[PATCH] Stricter macro substitution syntax

Panu Matilainen pmatilai at laiskiainen.org
Tue Jan 22 15:16:38 UTC 2013


On 01/21/2013 10:14 PM, Alexey Tourbin wrote:
> This change introduces a separate routine to parse for valid macro
> names.  Valid macro names are either regular 3+ character identifiers,
> or special names: "S", "P", "0", "#", "*", "**", macro options such as
> "-o" and "-o*", and macro arguments such as "1".  Other names are not
> valid.  This fixes a number of bugs seen earlier due to sloppy name
> parsing: "%_libdir*" and "%01" were not expanded (these are now expanded
> to e.g. "/usr/lib64*" and "<name>1", as expected).  This also fixes
> bugs in as-is substitution: "%!foo" was expanded to "%foo", and likewise
> "%!!!" was expanded to "%" (and to "%<garbage>" at EOL).
>
> Also, bad names in %name and %{name...} substitutions are now handled
> differently.  In %name form, the name is parsed tentatively; a silent
> fall-back to as-is substitution is provisioned when no valid name can
> be obtain.  In %{name...} form, a failure to obtain a valid name is now
> a syntax error.  Furthermore, only 3 variants are syntactically valid:
> %{name} proper, %{name:...}, and %{name ...}.  This renders invalid
> ambiguous macro substitutions such as the one found in FC18 lvm2.spec:
>
> Requires: util-linux >= %{util-linux_version}
> error: Invalid macro syntax: %{util-linux_version}

Nice. The garbage spotted by this in Fedora specs is ... scary.

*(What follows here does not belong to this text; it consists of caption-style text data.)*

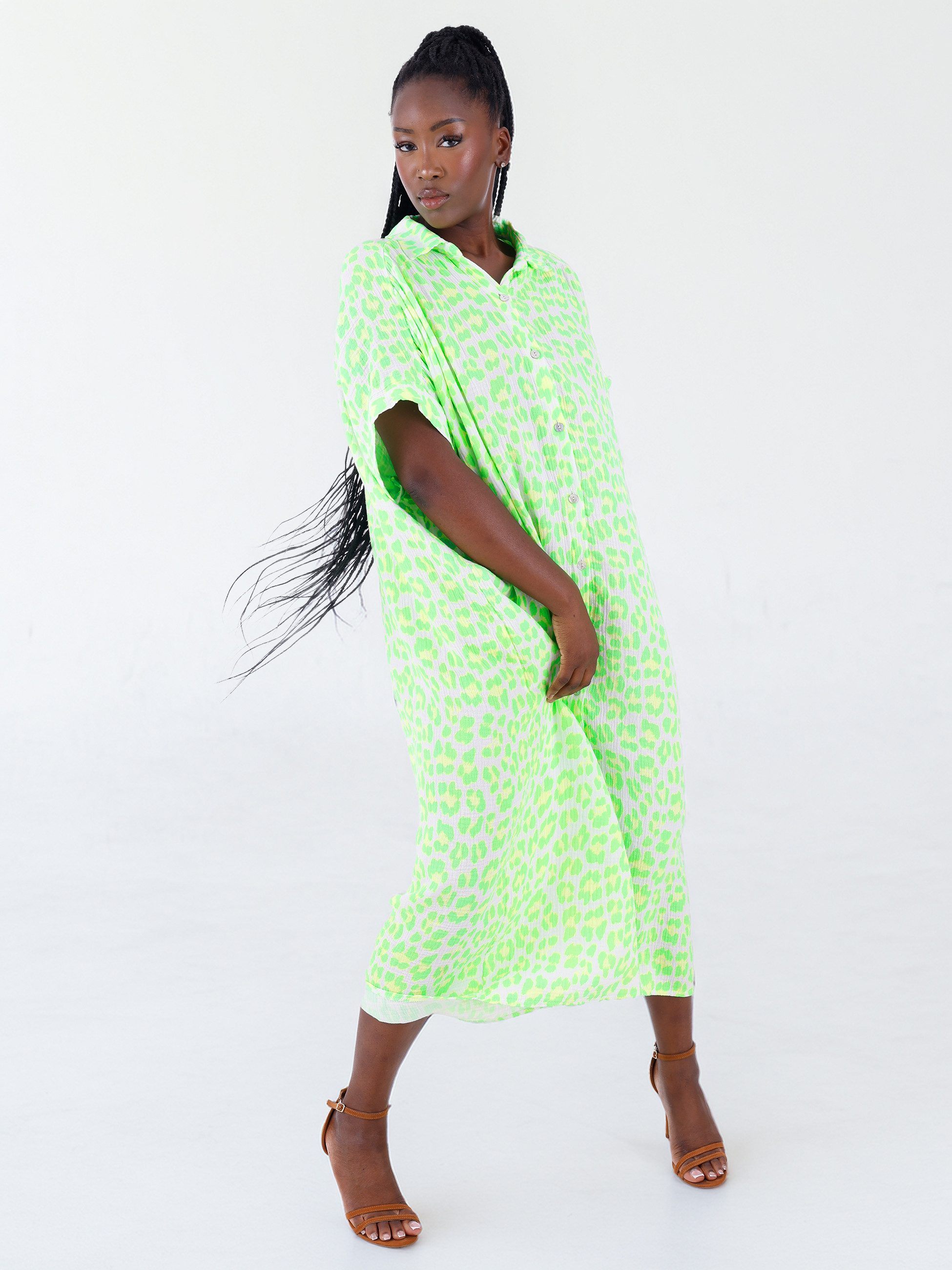 YC Fashion & Style Hemdblusenkleid Oversized Musselin Kleid im Hemdblusenst günstig online kaufen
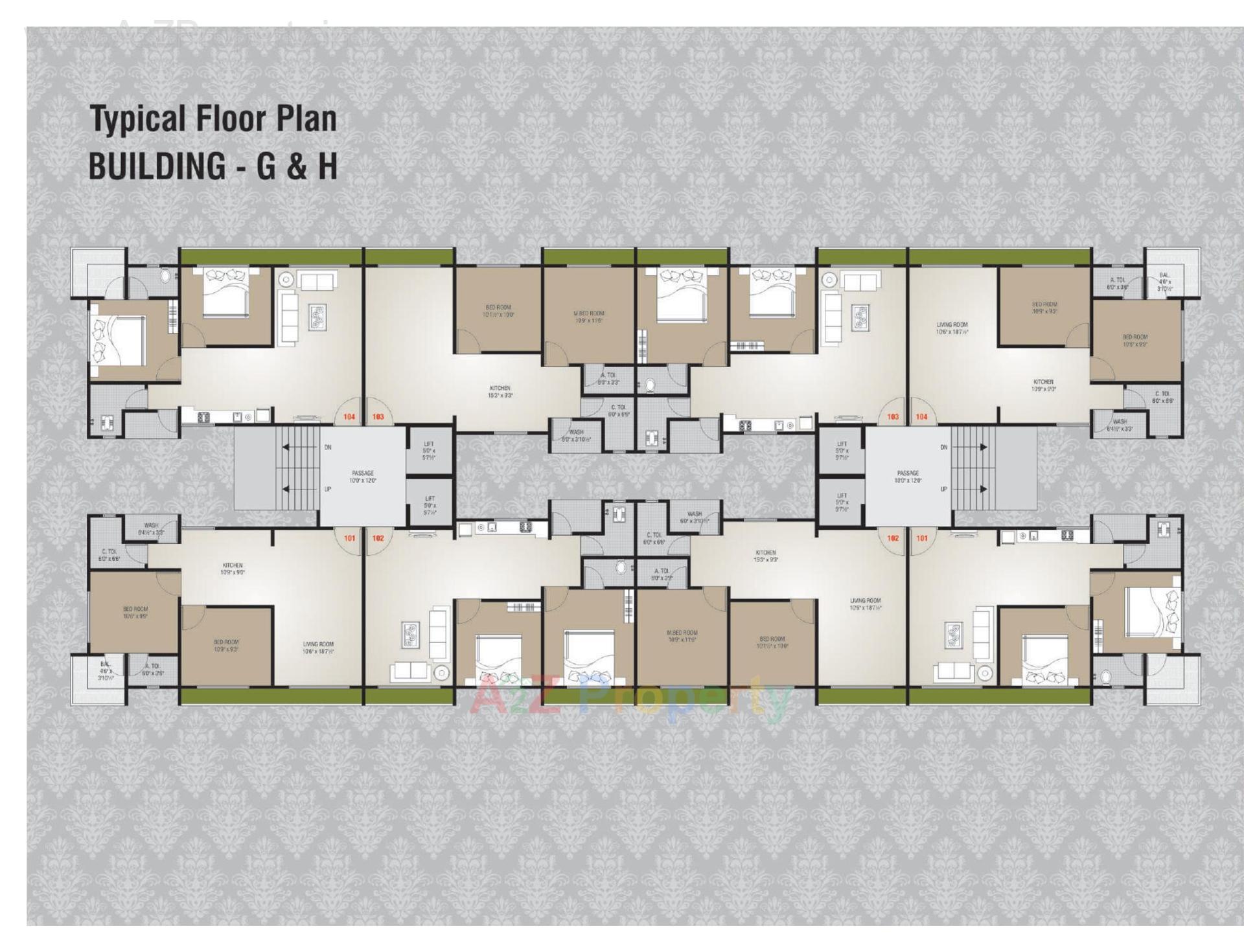 Layout of real estate project Sankalp City located at Kosad, Surat, Gujarat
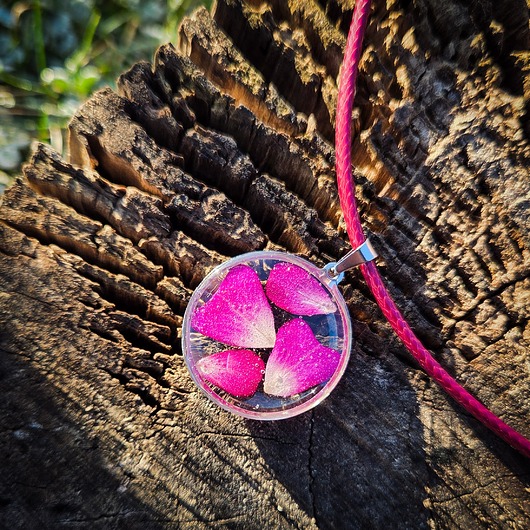 wisiory Wisiorek z różą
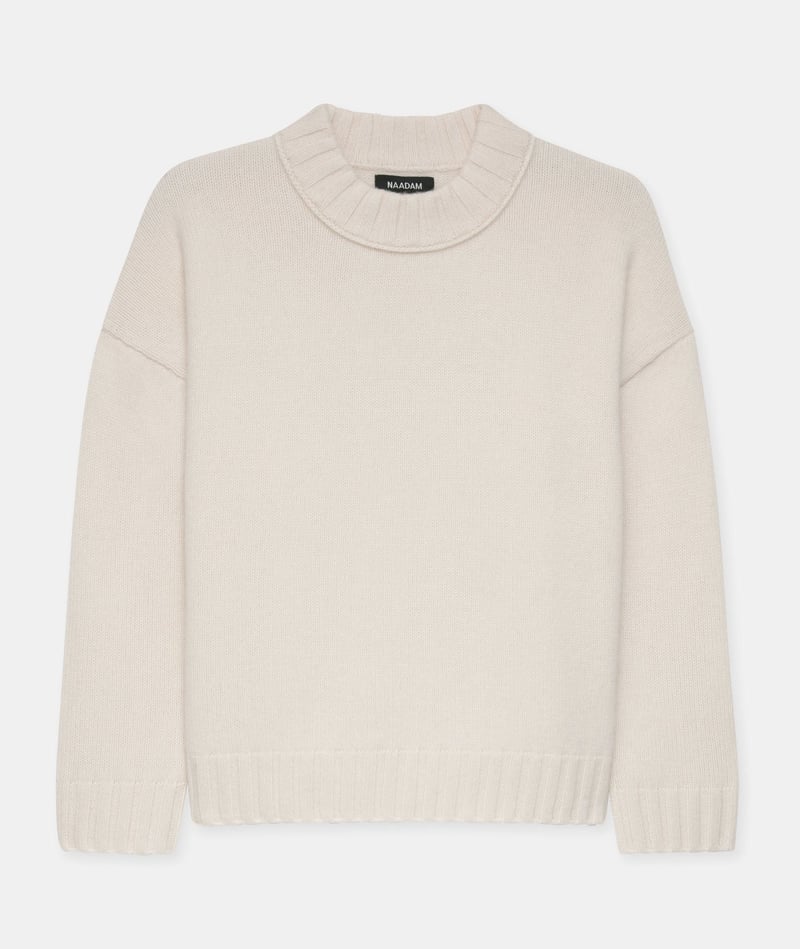 Super Luxe Cashmere Crewneck Sweater by NAADAM, 100% Cashmere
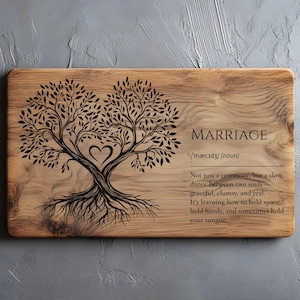 Marriage Charcuterie SVG PNG, Wedding Cutting Board Svg, Laser Engrave Svg File, Lightburn Laser Svg File, Wood Sign, Romantic Plaque Svg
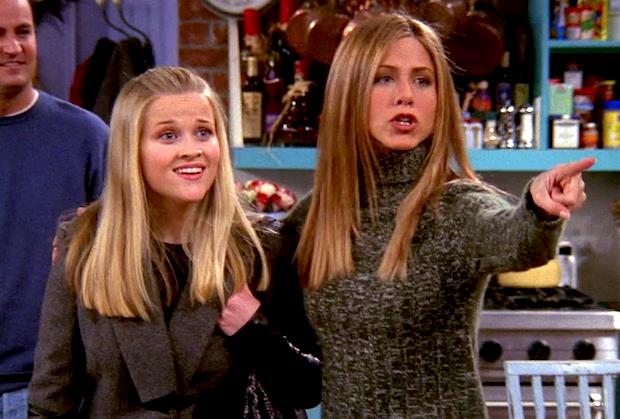 Friends: Rachel e Jill Jennifer Aniston e Reese Whiterspoon, sorelle ai tempi di Friends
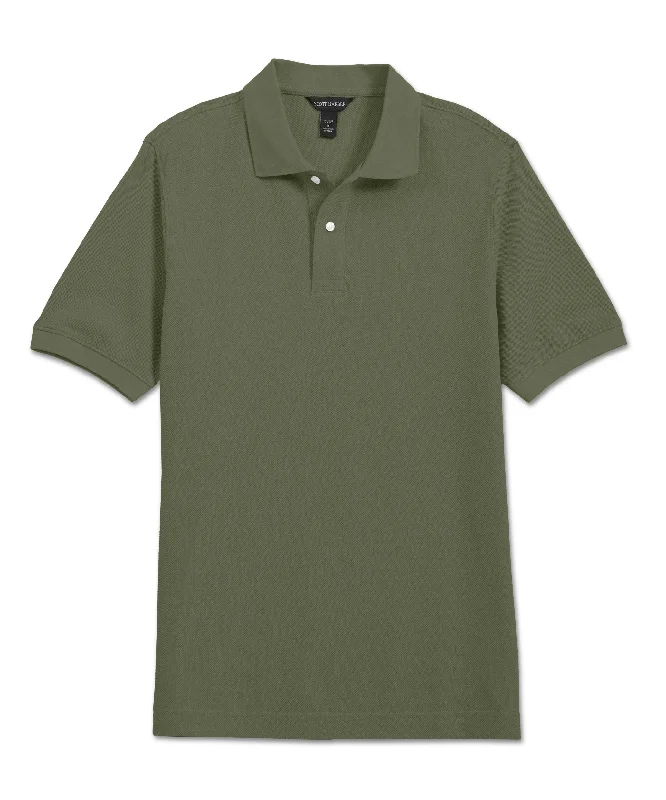 men's rugged shirts for outdoor activities -Pima Pique Polo, Sage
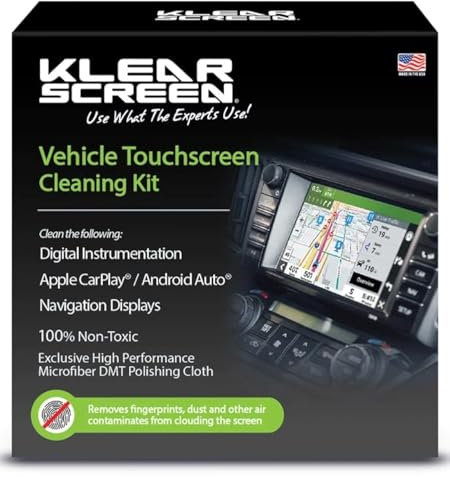 Dr. Bott Klear Screen Vehicle Touchscreen Cleaning Kit, Reinigung für Navi, LCD, Bildschirm und Klavierlack Oberflächen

OTOH changes of this scale in the macro parser are a bit scary in 
themselves as its sooooo easy to break some obscure corner-case :) I 
think I'll try to give this a spin with some of the more macro-intensive 
packages like Fedora's kernel and font-packages first, but unless I find 
something unexpected breakage, consider it applied. On a related note, 
the test-suite could really use more thorough and more advanced 
test-cases to make these kind of changes less scary.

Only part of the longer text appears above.